Stored data entries
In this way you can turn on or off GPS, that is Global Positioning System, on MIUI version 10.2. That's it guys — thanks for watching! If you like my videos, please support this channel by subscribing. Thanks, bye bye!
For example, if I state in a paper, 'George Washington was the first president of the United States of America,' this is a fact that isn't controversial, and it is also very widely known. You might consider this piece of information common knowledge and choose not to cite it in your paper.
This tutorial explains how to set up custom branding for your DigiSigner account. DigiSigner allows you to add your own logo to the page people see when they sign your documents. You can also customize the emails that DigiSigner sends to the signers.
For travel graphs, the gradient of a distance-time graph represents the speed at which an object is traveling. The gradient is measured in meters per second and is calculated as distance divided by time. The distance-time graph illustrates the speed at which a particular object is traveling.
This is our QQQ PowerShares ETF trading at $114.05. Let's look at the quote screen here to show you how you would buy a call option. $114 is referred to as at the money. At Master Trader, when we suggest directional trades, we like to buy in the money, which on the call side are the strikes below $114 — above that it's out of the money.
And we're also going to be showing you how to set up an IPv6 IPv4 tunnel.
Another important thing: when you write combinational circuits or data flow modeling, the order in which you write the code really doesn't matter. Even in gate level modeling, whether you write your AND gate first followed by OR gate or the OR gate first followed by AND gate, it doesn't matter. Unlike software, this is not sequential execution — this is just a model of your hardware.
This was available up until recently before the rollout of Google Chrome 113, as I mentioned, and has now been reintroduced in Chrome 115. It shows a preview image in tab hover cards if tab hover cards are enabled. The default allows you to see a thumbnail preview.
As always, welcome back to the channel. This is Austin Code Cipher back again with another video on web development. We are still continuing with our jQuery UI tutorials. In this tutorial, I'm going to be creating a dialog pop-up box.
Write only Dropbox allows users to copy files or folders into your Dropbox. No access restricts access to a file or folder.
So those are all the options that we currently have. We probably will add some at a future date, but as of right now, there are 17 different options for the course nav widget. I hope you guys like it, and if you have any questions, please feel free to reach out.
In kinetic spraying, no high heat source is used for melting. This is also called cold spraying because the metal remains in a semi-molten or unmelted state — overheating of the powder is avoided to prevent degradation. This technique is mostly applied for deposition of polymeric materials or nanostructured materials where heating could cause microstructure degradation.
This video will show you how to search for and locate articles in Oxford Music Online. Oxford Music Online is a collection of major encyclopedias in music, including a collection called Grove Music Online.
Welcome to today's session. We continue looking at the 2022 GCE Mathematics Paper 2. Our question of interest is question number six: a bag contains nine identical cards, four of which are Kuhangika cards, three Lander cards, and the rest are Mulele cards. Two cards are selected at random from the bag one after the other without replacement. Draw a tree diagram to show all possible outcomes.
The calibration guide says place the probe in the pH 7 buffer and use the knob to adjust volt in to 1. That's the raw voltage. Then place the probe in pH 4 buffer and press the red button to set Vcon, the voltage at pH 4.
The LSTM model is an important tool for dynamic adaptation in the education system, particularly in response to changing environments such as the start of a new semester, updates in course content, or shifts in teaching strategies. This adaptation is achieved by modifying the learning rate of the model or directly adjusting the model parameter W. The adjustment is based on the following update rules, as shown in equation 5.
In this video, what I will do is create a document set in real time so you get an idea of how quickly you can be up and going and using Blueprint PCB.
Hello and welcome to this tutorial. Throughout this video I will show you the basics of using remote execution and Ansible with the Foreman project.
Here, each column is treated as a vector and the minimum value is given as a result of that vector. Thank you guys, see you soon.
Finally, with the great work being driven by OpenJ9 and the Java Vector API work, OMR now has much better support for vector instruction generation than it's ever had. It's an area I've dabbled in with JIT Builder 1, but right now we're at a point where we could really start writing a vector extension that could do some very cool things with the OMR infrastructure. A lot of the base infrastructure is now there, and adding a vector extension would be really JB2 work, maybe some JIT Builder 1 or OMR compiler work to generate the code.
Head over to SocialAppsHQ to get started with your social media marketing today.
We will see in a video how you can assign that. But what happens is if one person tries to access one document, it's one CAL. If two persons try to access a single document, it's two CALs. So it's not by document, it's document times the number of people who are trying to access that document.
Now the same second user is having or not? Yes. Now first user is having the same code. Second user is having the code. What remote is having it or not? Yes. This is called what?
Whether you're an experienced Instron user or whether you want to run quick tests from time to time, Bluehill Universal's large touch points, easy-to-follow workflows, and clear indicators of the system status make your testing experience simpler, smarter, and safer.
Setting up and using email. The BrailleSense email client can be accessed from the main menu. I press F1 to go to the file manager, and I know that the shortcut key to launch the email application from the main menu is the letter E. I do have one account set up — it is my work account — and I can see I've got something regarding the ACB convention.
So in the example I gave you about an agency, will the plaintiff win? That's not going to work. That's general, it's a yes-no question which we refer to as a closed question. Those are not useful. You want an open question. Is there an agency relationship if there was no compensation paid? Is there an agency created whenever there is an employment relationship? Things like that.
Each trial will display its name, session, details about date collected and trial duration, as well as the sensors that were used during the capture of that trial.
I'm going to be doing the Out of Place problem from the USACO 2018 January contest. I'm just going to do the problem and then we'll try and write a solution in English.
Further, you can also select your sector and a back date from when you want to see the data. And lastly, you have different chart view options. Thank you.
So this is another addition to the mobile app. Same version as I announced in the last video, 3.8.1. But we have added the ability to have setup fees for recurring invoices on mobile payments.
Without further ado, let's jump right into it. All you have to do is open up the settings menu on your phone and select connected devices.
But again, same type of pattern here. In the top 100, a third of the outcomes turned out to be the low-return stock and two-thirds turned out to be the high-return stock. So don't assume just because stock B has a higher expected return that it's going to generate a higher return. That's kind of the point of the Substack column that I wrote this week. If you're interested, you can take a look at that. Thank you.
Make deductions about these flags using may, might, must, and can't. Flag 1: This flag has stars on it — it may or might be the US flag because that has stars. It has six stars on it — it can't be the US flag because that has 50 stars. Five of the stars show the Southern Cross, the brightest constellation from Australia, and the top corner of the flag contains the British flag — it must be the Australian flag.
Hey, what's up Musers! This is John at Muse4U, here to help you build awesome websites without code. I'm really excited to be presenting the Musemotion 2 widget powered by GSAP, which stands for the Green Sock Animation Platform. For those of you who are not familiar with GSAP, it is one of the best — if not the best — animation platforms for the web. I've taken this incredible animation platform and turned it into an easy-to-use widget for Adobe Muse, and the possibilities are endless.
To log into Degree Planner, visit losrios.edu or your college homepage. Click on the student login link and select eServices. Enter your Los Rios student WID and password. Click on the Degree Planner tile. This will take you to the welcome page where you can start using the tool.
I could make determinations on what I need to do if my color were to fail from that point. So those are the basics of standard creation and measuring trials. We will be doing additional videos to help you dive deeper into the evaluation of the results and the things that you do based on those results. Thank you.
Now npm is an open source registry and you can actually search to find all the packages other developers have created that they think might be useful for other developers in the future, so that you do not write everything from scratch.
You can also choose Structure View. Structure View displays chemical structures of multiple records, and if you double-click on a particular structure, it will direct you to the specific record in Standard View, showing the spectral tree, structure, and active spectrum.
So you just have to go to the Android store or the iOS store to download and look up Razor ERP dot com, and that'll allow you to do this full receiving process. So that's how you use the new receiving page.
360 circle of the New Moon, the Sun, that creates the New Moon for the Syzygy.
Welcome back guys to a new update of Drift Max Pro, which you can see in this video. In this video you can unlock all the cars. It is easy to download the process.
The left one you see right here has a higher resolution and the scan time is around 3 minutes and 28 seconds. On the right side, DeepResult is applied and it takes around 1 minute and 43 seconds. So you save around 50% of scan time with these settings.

Aim of the exercise: Copy every line of the records, leaving nothing out.

Written answer:
In this way you can turn on or off GPS, that is Global Positioning System, on MIUI version 10.2. That's it guys — thanks for watching! If you like my videos, please support this channel by subscribing. Thanks, bye bye!
For example, if I state in a paper, 'George Washington was the first president of the United States of America,' this is a fact that isn't controversial, and it is also very widely known. You might consider this piece of information common knowledge and choose not to cite it in your paper.
This tutorial explains how to set up custom branding for your DigiSigner account. DigiSigner allows you to add your own logo to the page people see when they sign your documents. You can also customize the emails that DigiSigner sends to the signers.
For travel graphs, the gradient of a distance-time graph represents the speed at which an object is traveling. The gradient is measured in meters per second and is calculated as distance divided by time. The distance-time graph illustrates the speed at which a particular object is traveling.
This is our QQQ PowerShares ETF trading at $114.05. Let's look at the quote screen here to show you how you would buy a call option. $114 is referred to as at the money. At Master Trader, when we suggest directional trades, we like to buy in the money, which on the call side are the strikes below $114 — above that it's out of the money.
And we're also going to be showing you how to set up an IPv6 IPv4 tunnel.
Another important thing: when you write combinational circuits or data flow modeling, the order in which you write the code really doesn't matter. Even in gate level modeling, whether you write your AND gate first followed by OR gate or the OR gate first followed by AND gate, it doesn't matter. Unlike software, this is not sequential execution — this is just a model of your hardware.
This was available up until recently before the rollout of Google Chrome 113, as I mentioned, and has now been reintroduced in Chrome 115. It shows a preview image in tab hover cards if tab hover cards are enabled. The default allows you to see a thumbnail preview.
As always, welcome back to the channel. This is Austin Code Cipher back again with another video on web development. We are still continuing with our jQuery UI tutorials. In this tutorial, I'm going to be creating a dialog pop-up box.
Write only Dropbox allows users to copy files or folders into your Dropbox. No access restricts access to a file or folder.
So those are all the options that we currently have. We probably will add some at a future date, but as of right now, there are 17 different options for the course nav widget. I hope you guys like it, and if you have any questions, please feel free to reach out.
In kinetic spraying, no high heat source is used for melting. This is also called cold spraying because the metal remains in a semi-molten or unmelted state — overheating of the powder is avoided to prevent degradation. This technique is mostly applied for deposition of polymeric materials or nanostructured materials where heating could cause microstructure degradation.
This video will show you how to search for and locate articles in Oxford Music Online. Oxford Music Online is a collection of major encyclopedias in music, including a collection called Grove Music Online.
Welcome to today's session. We continue looking at the 2022 GCE Mathematics Paper 2. Our question of interest is question number six: a bag contains nine identical cards, four of which are Kuhangika cards, three Lander cards, and the rest are Mulele cards. Two cards are selected at random from the bag one after the other without replacement. Draw a tree diagram to show all possible outcomes.
The calibration guide says place the probe in the pH 7 buffer and use the knob to adjust volt in to 1. That's the raw voltage. Then place the probe in pH 4 buffer and press the red button to set Vcon, the voltage at pH 4.
The LSTM model is an important tool for dynamic adaptation in the education system, particularly in response to changing environments such as the start of a new semester, updates in course content, or shifts in teaching strategies. This adaptation is achieved by modifying the learning rate of the model or directly adjusting the model parameter W. The adjustment is based on the following update rules, as shown in equation 5.
In this video, what I will do is create a document set in real time so you get an idea of how quickly you can be up and going and using Blueprint PCB.
Hello and welcome to this tutorial. Throughout this video I will show you the basics of using remote execution and Ansible with the Foreman project.
Here, each column is treated as a vector and the minimum value is given as a result of that vector. Thank you guys, see you soon.
Finally, with the great work being driven by OpenJ9 and the Java Vector API work, OMR now has much better support for vector instruction generation than it's ever had. It's an area I've dabbled in with JIT Builder 1, but right now we're at a point where we could really start writing a vector extension that could do some very cool things with the OMR infrastructure. A lot of the base infrastructure is now there, and adding a vector extension would be really JB2 work, maybe some JIT Builder 1 or OMR compiler work to generate the code.
Head over to SocialAppsHQ to get started with your social media marketing today.
We will see in a video how you can assign that. But what happens is if one person tries to access one document, it's one CAL. If two persons try to access a single document, it's two CALs. So it's not by document, it's document times the number of people who are trying to access that document.
Now the same second user is having or not? Yes. Now first user is having the same code. Second user is having the code. What remote is having it or not? Yes. This is called what?
Whether you're an experienced Instron user or whether you want to run quick tests from time to time, Bluehill Universal's large touch points, easy-to-follow workflows, and clear indicators of the system status make your testing experience simpler, smarter, and safer.
Setting up and using email. The BrailleSense email client can be accessed from the main menu. I press F1 to go to the file manager, and I know that the shortcut key to launch the email application from the main menu is the letter E. I do have one account set up — it is my work account — and I can see I've got something regarding the ACB convention.
So in the example I gave you about an agency, will the plaintiff win? That's not going to work. That's general, it's a yes-no question which we refer to as a closed question. Those are not useful. You want an open question. Is there an agency relationship if there was no compensation paid? Is there an agency created whenever there is an employment relationship? Things like that.
Each trial will display its name, session, details about date collected and trial duration, as well as the sensors that were used during the capture of that trial.
I'm going to be doing the Out of Place problem from the USACO 2018 January contest. I'm just going to do the problem and then we'll try and write a solution in English.
Further, you can also select your sector and a back date from when you want to see the data. And lastly, you have different chart view options. Thank you.
So this is another addition to the mobile app. Same version as I announced in the last video, 3.8.1. But we have added the ability to have setup fees for recurring invoices on mobile payments.
Without further ado, let's jump right into it. All you have to do is open up the settings menu on your phone and select connected devices.
But again, same type of pattern here. In the top 100, a third of the outcomes turned out to be the low-return stock and two-thirds turned out to be the high-return stock. So don't assume just because stock B has a higher expected return that it's going to generate a higher return. That's kind of the point of the Substack column that I wrote this week. If you're interested, you can take a look at that. Thank you.
Make deductions about these flags using may, might, must, and can't. Flag 1: This flag has stars on it — it may or might be the US flag because that has stars. It has six stars on it — it can't be the US flag because that has 50 stars. Five of the stars show the Southern Cross, the brightest constellation from Australia, and the top corner of the flag contains the British flag — it must be the Australian flag.
Hey, what's up Musers! This is John at Muse4U, here to help you build awesome websites without code. I'm really excited to be presenting the Musemotion 2 widget powered by GSAP, which stands for the Green Sock Animation Platform. For those of you who are not familiar with GSAP, it is one of the best — if not the best — animation platforms for the web. I've taken this incredible animation platform and turned it into an easy-to-use widget for Adobe Muse, and the possibilities are endless.
To log into Degree Planner, visit losrios.edu or your college homepage. Click on the student login link and select eServices. Enter your Los Rios student WID and password. Click on the Degree Planner tile. This will take you to the welcome page where you can start using the tool.
I could make determinations on what I need to do if my color were to fail from that point. So those are the basics of standard creation and measuring trials. We will be doing additional videos to help you dive deeper into the evaluation of the results and the things that you do based on those results. Thank you.
Now npm is an open source registry and you can actually search to find all the packages other developers have created that they think might be useful for other developers in the future, so that you do not write everything from scratch.
You can also choose Structure View. Structure View displays chemical structures of multiple records, and if you double-click on a particular structure, it will direct you to the specific record in Standard View, showing the spectral tree, structure, and active spectrum.
So you just have to go to the Android store or the iOS store to download and look up Razor ERP dot com, and that'll allow you to do this full receiving process. So that's how you use the new receiving page.
360 circle of the New Moon, the Sun, that creates the New Moon for the Syzygy.
Welcome back guys to a new update of Drift Max Pro, which you can see in this video. In this video you can unlock all the cars. It is easy to download the process.
The left one you see right here has a higher resolution and the scan time is around 3 minutes and 28 seconds. On the right side, DeepResult is applied and it takes around 1 minute and 43 seconds. So you save around 50% of scan time with these settings.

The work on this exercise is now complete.